WORK TO BE COMPLETED. Given the records below, would you repeat exactly the lines that begin at the one containing "1442 Sir Thopas Trail Austin TX 78748" and end at the one containing "2025 GMC Savana Cargo Work Van - Photo 45", inclusive?

ENTRIES SUPPLIED.
________________
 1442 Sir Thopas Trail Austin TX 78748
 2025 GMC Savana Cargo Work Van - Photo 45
________________
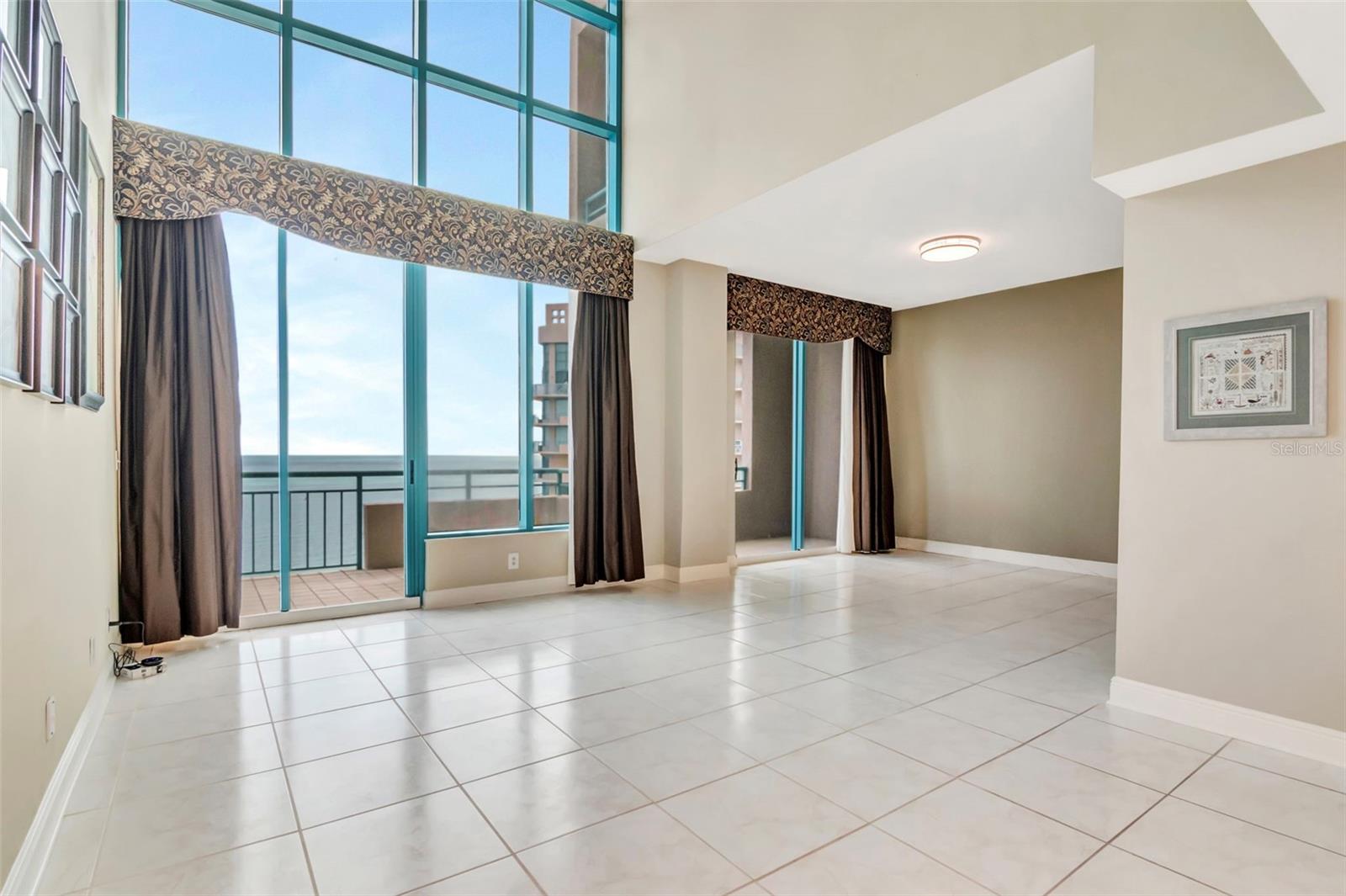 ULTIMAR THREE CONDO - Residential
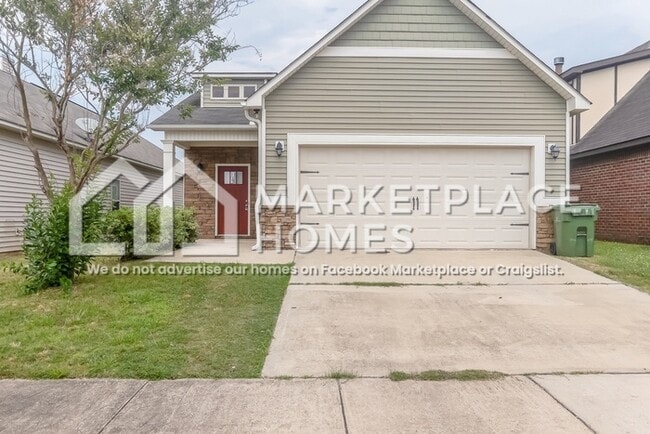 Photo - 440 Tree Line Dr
________________
COMPLETED EXERCISE.
 1442 Sir Thopas Trail Austin TX 78748
 2025 GMC Savana Cargo Work Van - Photo 45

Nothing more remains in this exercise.